Post · bonfire.cafe

By 100x speed difference, I mean the uu encoding/decoding rate is about 30 bytes per second. I'm not accustomed to a correct program being this catastrophically slow ;)

Not throwing shade at #LuaLang for the 100x speed difference: it's astonishing that a modern interpreter can be built for a 4.77 MHz 8088 and run at usable, if lukewarm, speeds. The 100x size difference comes down to the interpreter including Lua's full library, most of which isn't needed for all programs.

If I had to guess, I'd expect most of the time to be spent in string operations and syscalls. Lua translates file contents to (immutable) string when reading, so more conversions are necessary to perform transformations and output results. Moreover, when writing output the program does f:write() 3-4 bytes at a time: if this were unbuffered and translating directly to hundreds of write syscalls, that would also be very slow.

#retrocomputing

While I was working on this, the article Python Numbers Every Programmer Should Know appeared on the orange website. In #LuaLang, and on a 16-bit target, these overheads are less -- for example, a number weighs 10 bytes instead of 24 bytes -- but overheads don't have much place to hide on a small, slow machine.

(Btw numbers cost 7 bytes each in 8-bit Microsoft BASIC so Lua isn't gratuitously inefficient here, even by the standards of 50 years ago.)

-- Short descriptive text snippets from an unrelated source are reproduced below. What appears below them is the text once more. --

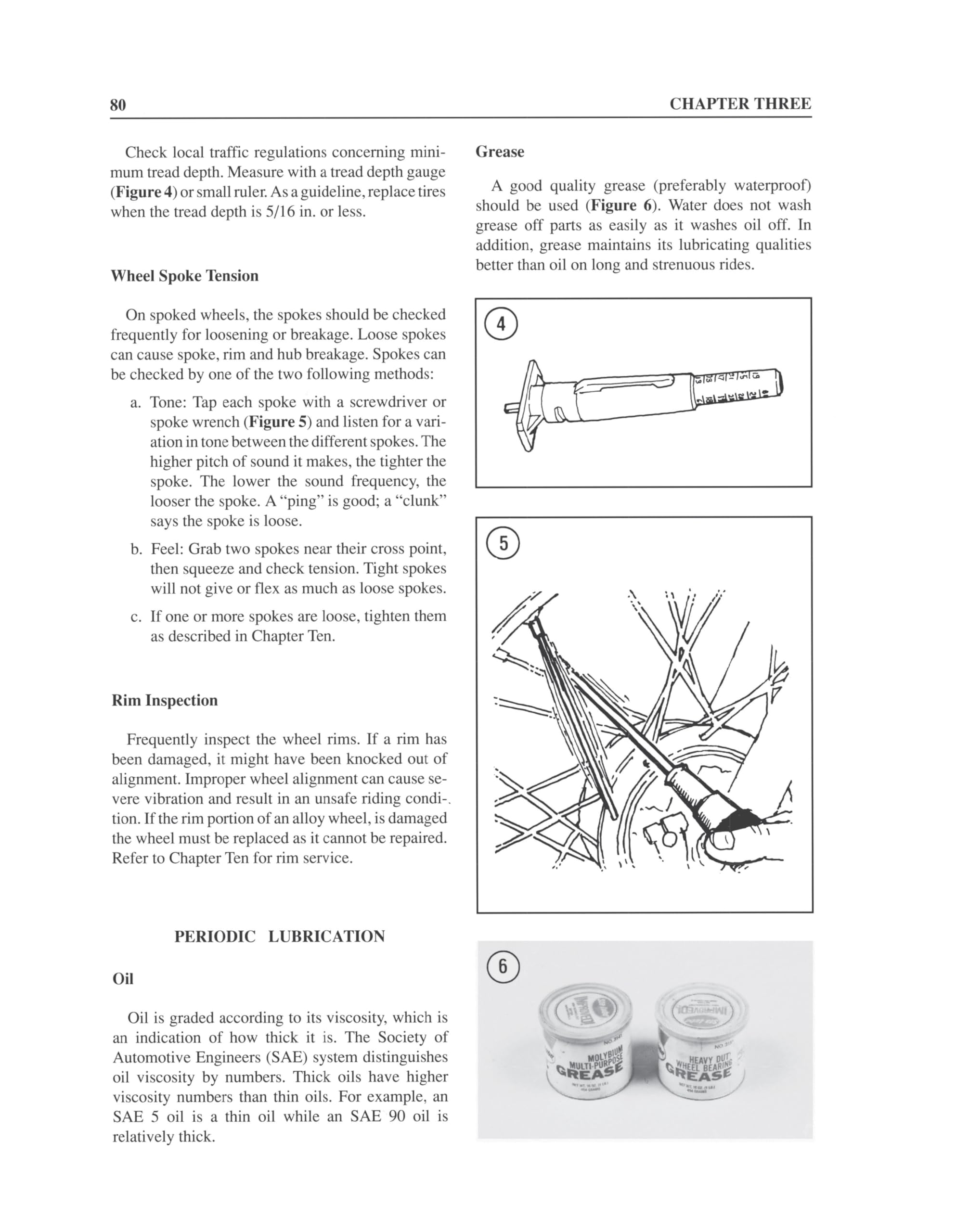 Harley-Davidson FLS-FXS Evolution, Evo Softail, Fat Boy (1984-1999) Service Repair Manual: Fx/Fl Softail Big-Twin Evolution 1984-1999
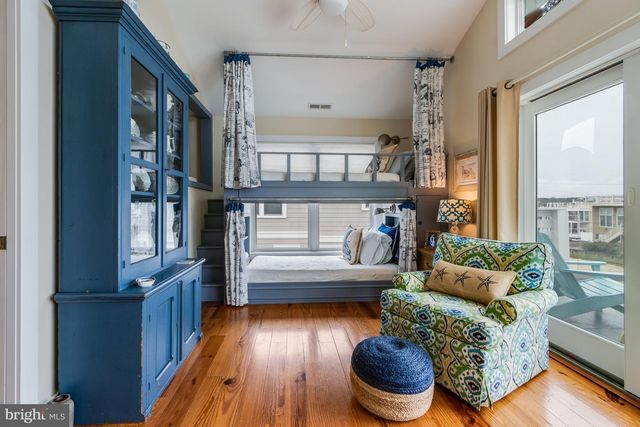 120 READ AVE, Dewey Beach, DE 19971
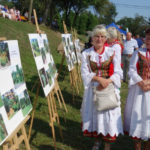 Dożynki w Kąpielach Wielkich - 25.08.2019_144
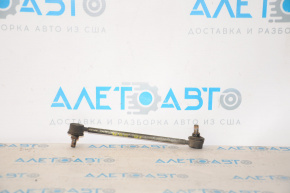 Rear stabilizer link right Toyota Camry v55 15-17 usa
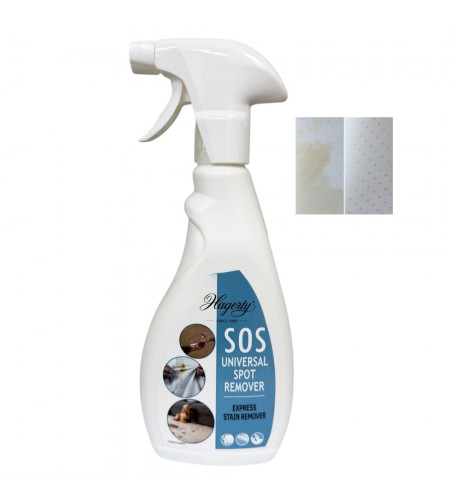 Hagerty A116083 SOS spot remover, 5 ...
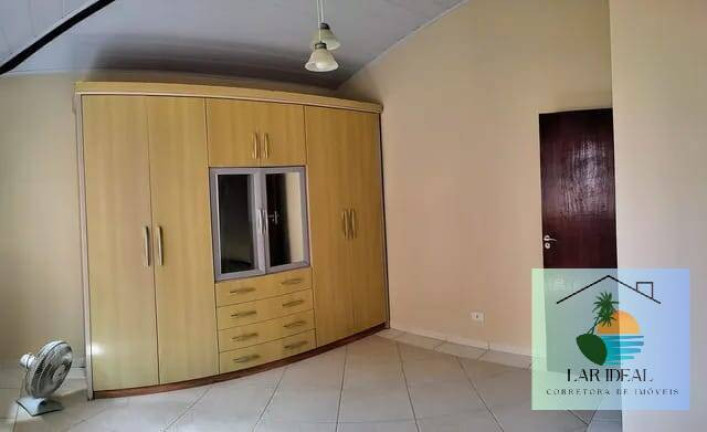 Imagem Casa com 2 Quartos à Venda, em Rasa - Búzios Imagem Casa com 2 Quartos à Venda, em Rasa - Búzios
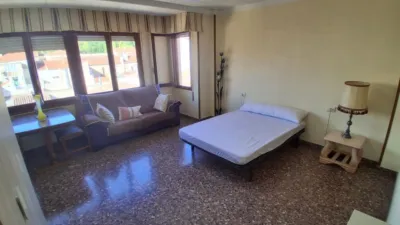 Piso - Vista 2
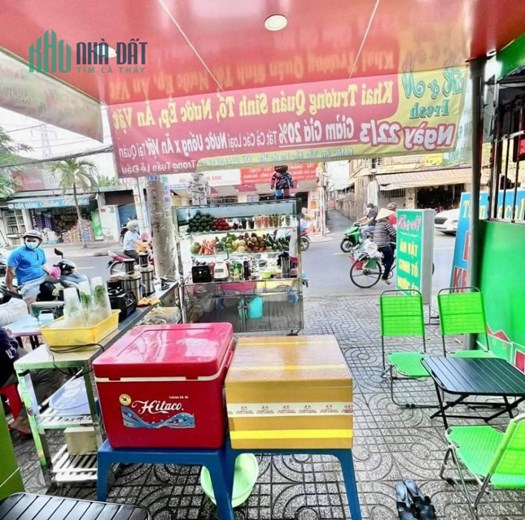 SANG NHƯỢNG TOÀN BỘ CỬA HÀNG ĐỊA CHỈ 142 NGUYỄN HUY TƯỞNG, THANH XUÂN, HÀ NỘI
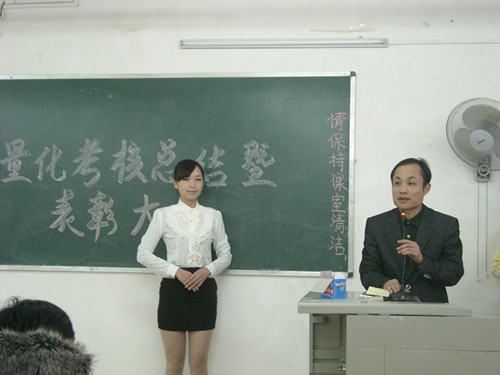 点击查看原图 点击查看原图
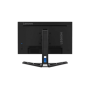 Monitor Gaming Lenovo Legion R25f-30,24,5" Full HD, 240Hz, Black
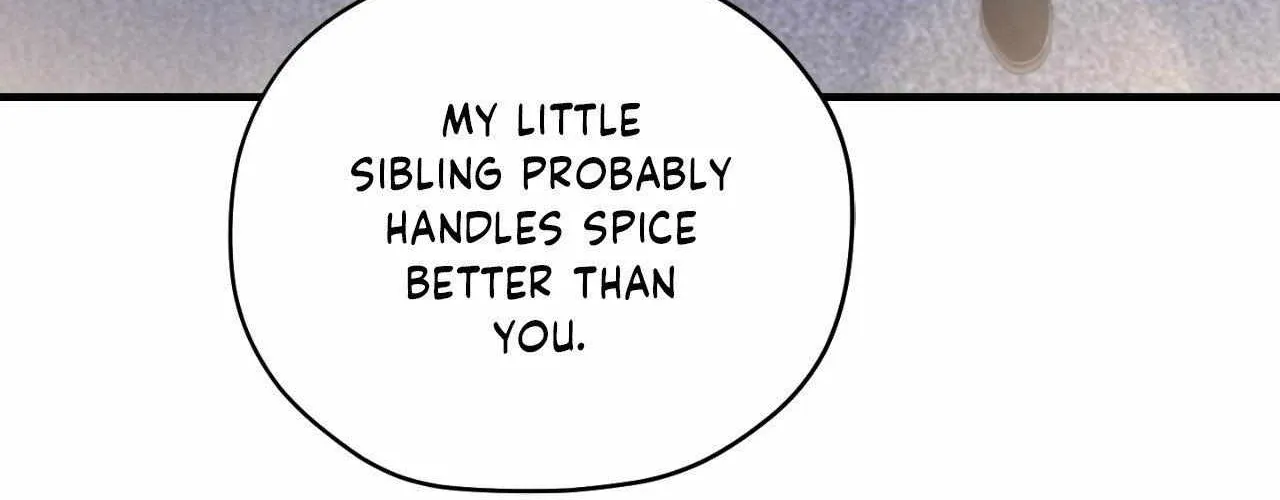 Read His Perfect Guide chapter 22 image 64 on Lezhin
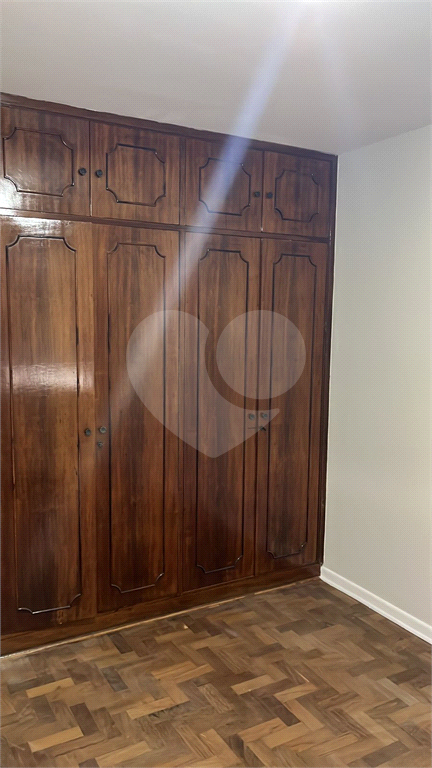 Apartamento a venda na Lapa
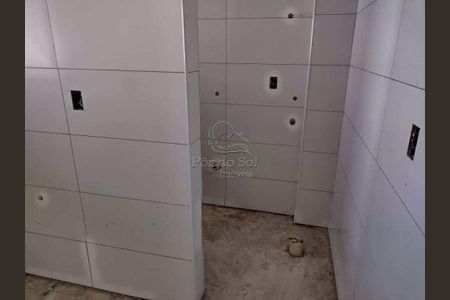 11_photo/94ce202dbf.9bca8a6f75a36323-ATLAS-b63b83cc-3b2c-437f-9846-526db3a2d274.jpg de apartamento à venda com 2 quartos, 83m² em Vila Caiçara, Praia Grande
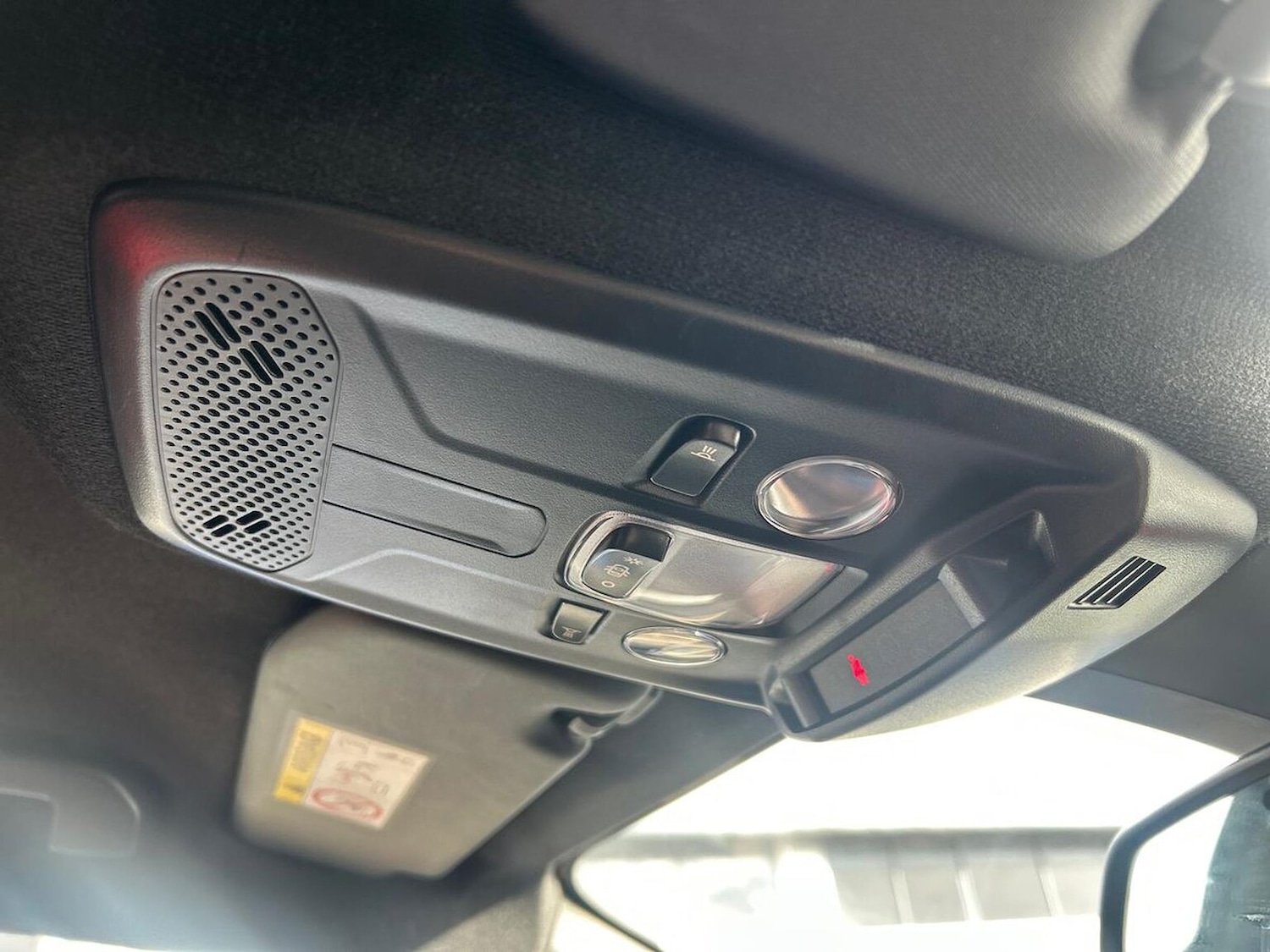 Used Vauxhall Corsa 2022 for sale - 76437303: Photo 14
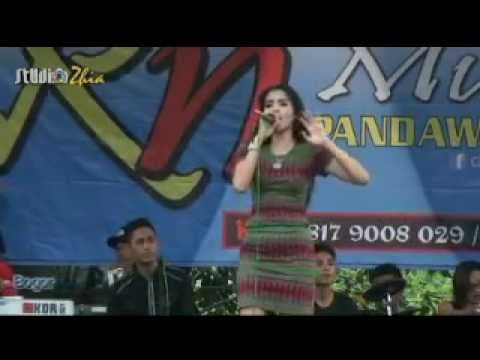 YUSNIA ZEBRO OLEH OLEH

One place that makes overhead really obvious: a 64K segment holds a table of length, at most, 4,096 entries. That's 40,960 bytes, and Lua's strategy is to double allocation size every time it wants to grow the table. 2 x 40,960 exceeds a 64K segment, so 4,096 entries is the growth limit.

On a 640K machine, after deducting the ~250K (!) size of the interpreter (which is also fully loaded into RAM), you'll get maybe five full segments free if you're lucky. So that's like maybe 20,000 datums total, split across five tables.

Meanwhile a tiny-model #Forth / assembly / C program could handle 20,000 datums in a single segment without breaking too much of a sweat!

The efficiency has costs to programmer time, of course. Worrying about data types, limits, overflows, etc. The kinds of things I was hoping to avoid by using Lua on this hardware -- and to its credit, it does a good job insulating me from them. Its cost is that programs must be rewritten for speed in some other language once out of the rapid prototyping phase and having reasonable speed / data capacity becomes important.

I'd estimate the threshold where traditional interpreters like Lua become okay for finished/polished software of any significant scope, is somewhere around 2MB RAM / 16MHz. So think, like, a base model 386. Maybe this is why the bulk of interpreters available in DOS are via DJGPP which requires a 386 or better anyway.

#BASIC was of course used on much smaller hardware, but was famously unsuited to speed or to large programs / data.

I know success stories for #Lisp in kilobytes of memory, but I'm not quite sure how they do it / to what extent the size of the interpreter, and overhead of data representation (tags + cons representation), eats into available memory and limits the scope of the program, as seen with other traditional interpreters.

This is beginning to explain why #Forth has such a niche on small systems. It has damn near zero size overhead on data structures. (The only overhead is for the interpreter core (a few K) and storing string names in the dictionary (which can be eliminated via various tricks)). ~1x size and ~10x speed overhead is the bargain of the century to unlock #repl based development. However, you're still stuck with the agonizing pain of manual memory management and numeric range problems / overflows. Which is probably why the world didn't stop with Forth, but continued on to bigger interpreters.

#retrocomputing